##### Raw data

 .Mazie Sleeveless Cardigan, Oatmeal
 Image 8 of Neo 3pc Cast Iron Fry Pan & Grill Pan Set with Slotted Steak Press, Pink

##########
##### Raw data

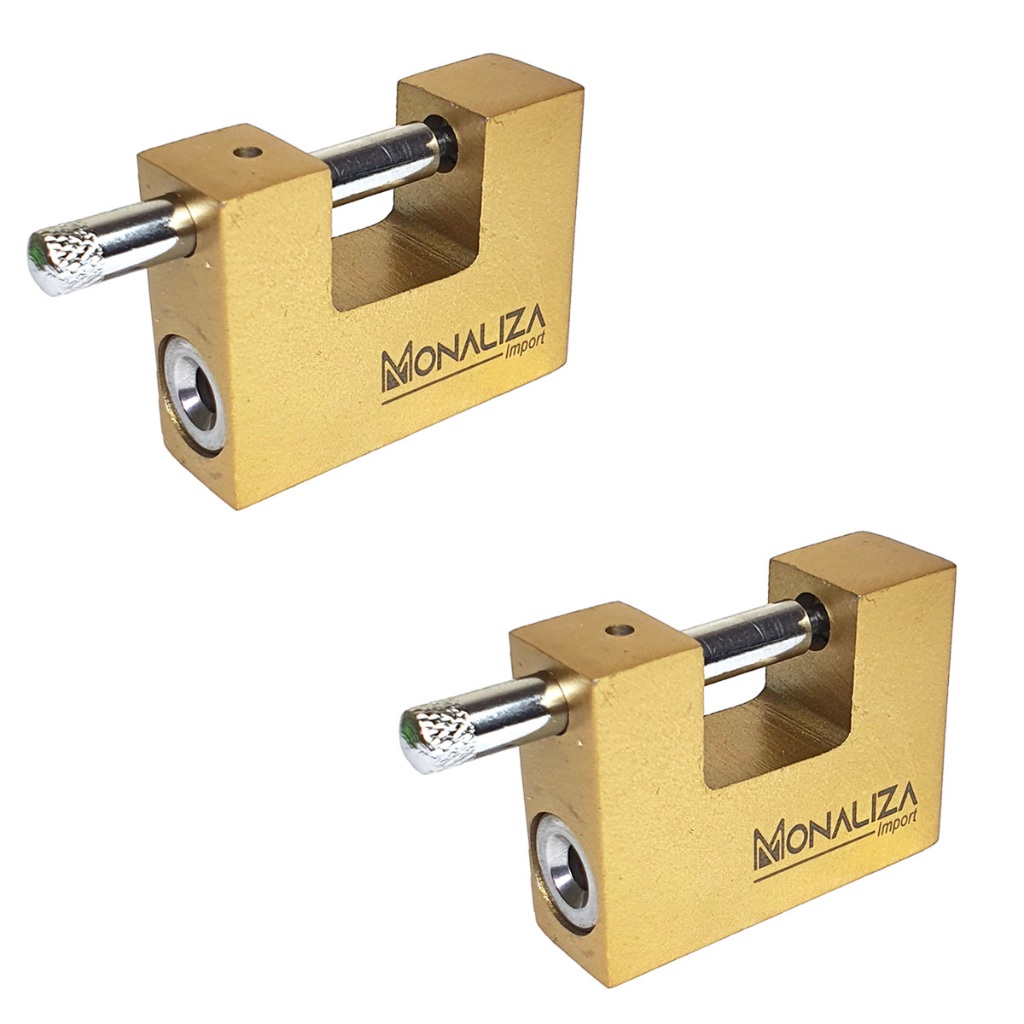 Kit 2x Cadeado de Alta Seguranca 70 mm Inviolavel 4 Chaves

##########

• _What you should do_
Please, from the material above, copy only the lines from the line with "Sleeveless Cardigan, Oatmeal" up to and including the line with "Image 8 of Neo", exactly as written.

• _Result of the exercise_
 .Mazie Sleeveless Cardigan, Oatmeal
 Image 8 of Neo 3pc Cast Iron Fry Pan & Grill Pan Set with Slotted Steak Press, Pink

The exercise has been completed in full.